:: What is being asked ::
Would you transcribe word for word every line from the one containing "Top Koeriers Planner" to the end of the data, both ends included, and leave out the rest?

:: Records to process ::
■ ■ ■
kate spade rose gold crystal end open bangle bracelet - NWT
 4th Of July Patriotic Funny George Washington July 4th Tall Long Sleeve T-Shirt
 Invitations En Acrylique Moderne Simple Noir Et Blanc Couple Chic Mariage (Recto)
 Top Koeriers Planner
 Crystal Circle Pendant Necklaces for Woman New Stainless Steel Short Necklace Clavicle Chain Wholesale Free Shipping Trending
■ ■ ■
:: Answer to the exercise ::
 Top Koeriers Planner
 Crystal Circle Pendant Necklaces for Woman New Stainless Steel Short Necklace Clavicle Chain Wholesale Free Shipping Trending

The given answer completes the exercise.